Note: there's a good discussion of positional adjustments in the comment thread. The numbers I present don't tell the whole story.
So I'm late to the party, here. If it helps, that was deliberate - this being the first day of anything, I didn't think the position switch was sufficiently meaningful to warrant a post. But I've gone back and forth on it, and now here I am.
I won't bother repeating in detail what others have already said. You can read Dave's take at USSM, Jon's first and second takes at PBNW, and Shannon Drayer's take as well. They've already been very thorough in their coverage of the first real story of the spring.
The main point of concern being raised is lack of experience - practice and minor leagues aside, Figgins has never played second as more than an occasional position, and Lopez only has 25 innings of ML time at third. It seems strange, then, to switch them, because Figgins is great at third, Lopez is okay at second, and all of their experience at their respective positions has to count for something. How reasonable is it to expect them to be able to make seamless transitions to another spot?
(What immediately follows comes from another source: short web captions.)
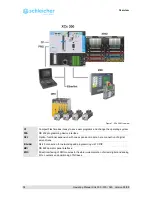 Предварительный просмотр 12 страницы Schleicher XCx 300 Operating Manual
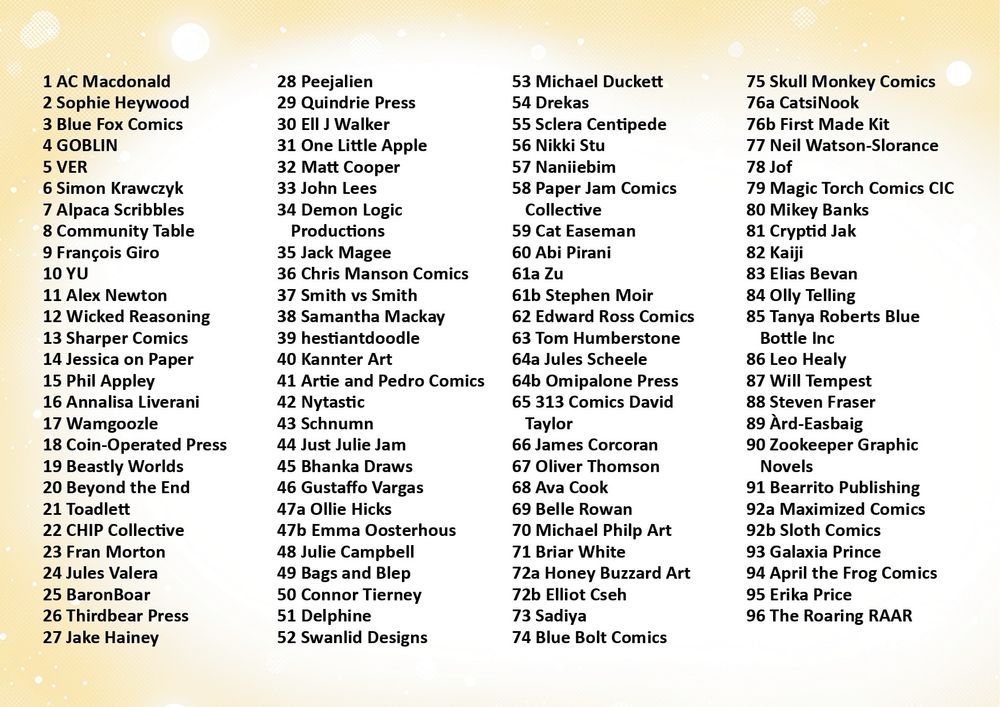 A list of exhibitors at Sequential Scotland Art Festival.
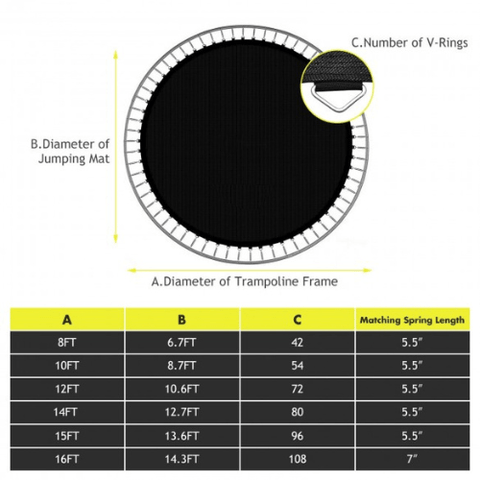 Costway Trampolines High-Elastic PP Replacement Jumping Mat by Costway 26314087 High-Elastic PP Replacement Jumping Mat by Costway SKU# 26314087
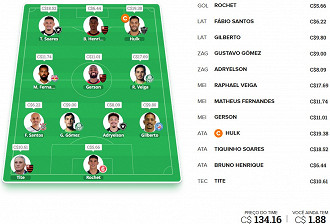 rodada 28 rodada 28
It is an excellent point. Experience at a defensive position can matter a lot. There are parts of playing second and parts of playing third that you can't learn if you don't experience them firsthand, and experience them over and over. Lopez, one imagines, is better at turning the double play than Figgins is right now. And Figgins, in turn, is probably better at, say, charging a bunt or throwing across the diamond.
But what if both Figgins and Lopez take to their new positions with ease? What if? This is all just an experiment, after all. There's no commitment. That's why they're trying it out, and trying it out so early. Lopez has the body of a third baseman while Figgins has the body of a second baseman, and the team wants to see if that means anything.
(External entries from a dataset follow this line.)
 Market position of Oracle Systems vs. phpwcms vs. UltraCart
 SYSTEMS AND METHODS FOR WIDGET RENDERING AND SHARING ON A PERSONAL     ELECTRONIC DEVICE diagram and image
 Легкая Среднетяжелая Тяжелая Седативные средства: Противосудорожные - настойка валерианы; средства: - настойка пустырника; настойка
Using stats from The Hardball Times, here are the league average balls in zone per season:
Second Base: 425 balls in zone
Third Base: 334 balls in zone
Over the last three years, the Mariners have averaged 445 BIZ at second and 336 BIZ at third. And while third basemen make more out-of-zone plays (OOZ) than second basemen do, the point remains clear - second basemen get more play opportunities than third basemen.
I wonder if this isn't at the very heart of the matter. Chone Figgins is a better athlete than Jose Lopez. He's clearly the better defensive player at his position. He has more lateral range. If Figgins can play second as well or better than he can play third, and if Lopez can handle the hot corner without embarrassing himself, suddenly it might make sense to bump the better defender to the more active position.
Don Wakamatsu made an interesting decision today. We'll see if it means anything going forward. I'm guessing that, come season time, Lopez and Figgins will be back at their normal positions. But now is the time to experiment. We know Lopez can handle 2B and Figgins can handle 3B. They don't need much practice to get up to speed. What if they can switch? What if the team can get the better glove to the more active position? What if it turns out that Figgins is better suited for 2B than 3B, or that Lopez is better suited for 3B than 2B? I'll leave it to the Mariners to determine whether or not this'll work, but I absolutely don't see the harm in trying to find out.